SOURCE DATA:
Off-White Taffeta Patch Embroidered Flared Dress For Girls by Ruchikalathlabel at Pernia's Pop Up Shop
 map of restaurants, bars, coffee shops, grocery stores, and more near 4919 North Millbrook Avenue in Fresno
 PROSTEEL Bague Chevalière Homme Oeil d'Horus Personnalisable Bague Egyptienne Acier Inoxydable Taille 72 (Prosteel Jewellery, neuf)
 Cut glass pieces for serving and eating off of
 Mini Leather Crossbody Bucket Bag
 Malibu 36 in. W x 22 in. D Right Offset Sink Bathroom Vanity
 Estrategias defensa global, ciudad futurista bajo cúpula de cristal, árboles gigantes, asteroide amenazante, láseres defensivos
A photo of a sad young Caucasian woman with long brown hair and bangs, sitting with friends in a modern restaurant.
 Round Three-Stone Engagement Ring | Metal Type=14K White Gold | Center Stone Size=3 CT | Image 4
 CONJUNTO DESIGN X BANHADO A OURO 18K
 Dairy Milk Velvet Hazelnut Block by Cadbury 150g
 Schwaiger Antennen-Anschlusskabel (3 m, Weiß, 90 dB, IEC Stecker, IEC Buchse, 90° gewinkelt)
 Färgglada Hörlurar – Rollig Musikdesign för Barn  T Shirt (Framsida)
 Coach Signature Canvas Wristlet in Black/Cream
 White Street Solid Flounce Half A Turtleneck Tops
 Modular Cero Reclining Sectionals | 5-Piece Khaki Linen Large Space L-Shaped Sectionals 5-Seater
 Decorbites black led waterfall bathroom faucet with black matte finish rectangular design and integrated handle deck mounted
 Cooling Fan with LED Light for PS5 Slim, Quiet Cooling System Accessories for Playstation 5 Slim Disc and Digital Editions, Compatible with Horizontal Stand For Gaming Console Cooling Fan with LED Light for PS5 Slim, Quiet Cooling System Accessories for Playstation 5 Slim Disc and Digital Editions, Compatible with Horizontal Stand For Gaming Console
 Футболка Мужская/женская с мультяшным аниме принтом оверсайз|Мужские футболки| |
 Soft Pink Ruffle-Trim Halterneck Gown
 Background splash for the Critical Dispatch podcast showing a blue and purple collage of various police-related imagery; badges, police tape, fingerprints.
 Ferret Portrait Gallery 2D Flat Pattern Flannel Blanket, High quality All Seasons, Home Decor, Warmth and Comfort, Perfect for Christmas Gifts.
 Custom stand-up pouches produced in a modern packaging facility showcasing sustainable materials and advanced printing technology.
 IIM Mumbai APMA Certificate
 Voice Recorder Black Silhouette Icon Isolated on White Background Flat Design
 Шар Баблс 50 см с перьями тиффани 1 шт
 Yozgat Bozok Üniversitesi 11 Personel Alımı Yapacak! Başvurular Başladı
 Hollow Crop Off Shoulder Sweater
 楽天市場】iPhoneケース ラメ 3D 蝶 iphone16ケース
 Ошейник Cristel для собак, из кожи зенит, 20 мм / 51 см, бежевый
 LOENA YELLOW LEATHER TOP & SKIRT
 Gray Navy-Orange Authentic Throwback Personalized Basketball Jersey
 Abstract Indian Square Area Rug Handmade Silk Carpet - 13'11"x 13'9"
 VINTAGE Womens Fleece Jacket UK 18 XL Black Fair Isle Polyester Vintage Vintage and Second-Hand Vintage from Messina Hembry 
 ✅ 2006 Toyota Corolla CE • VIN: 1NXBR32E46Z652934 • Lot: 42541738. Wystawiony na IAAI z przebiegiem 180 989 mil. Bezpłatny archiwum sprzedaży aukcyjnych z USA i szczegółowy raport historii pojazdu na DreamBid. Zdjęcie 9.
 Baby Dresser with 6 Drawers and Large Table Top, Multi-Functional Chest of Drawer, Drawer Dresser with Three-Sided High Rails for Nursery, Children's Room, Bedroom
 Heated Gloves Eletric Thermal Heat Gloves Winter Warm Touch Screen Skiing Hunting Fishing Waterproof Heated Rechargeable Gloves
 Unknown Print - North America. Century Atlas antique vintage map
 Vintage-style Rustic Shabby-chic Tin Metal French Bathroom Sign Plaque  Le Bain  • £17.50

TASK DIRECTIONS: Reproduce exactly the stretch of the material above that starts at the line with "Mini Leather Crossbody Bucket Bag" and ends at the line with "CONJUNTO DESIGN X BANHADO A OURO 18K", both included, and nothing else.

WRITTEN RESPONSE:
 Mini Leather Crossbody Bucket Bag
 Malibu 36 in. W x 22 in. D Right Offset Sink Bathroom Vanity
 Estrategias defensa global, ciudad futurista bajo cúpula de cristal, árboles gigantes, asteroide amenazante, láseres defensivos
A photo of a sad young Caucasian woman with long brown hair and bangs, sitting with friends in a modern restaurant.
 Round Three-Stone Engagement Ring | Metal Type=14K White Gold | Center Stone Size=3 CT | Image 4
 CONJUNTO DESIGN X BANHADO A OURO 18K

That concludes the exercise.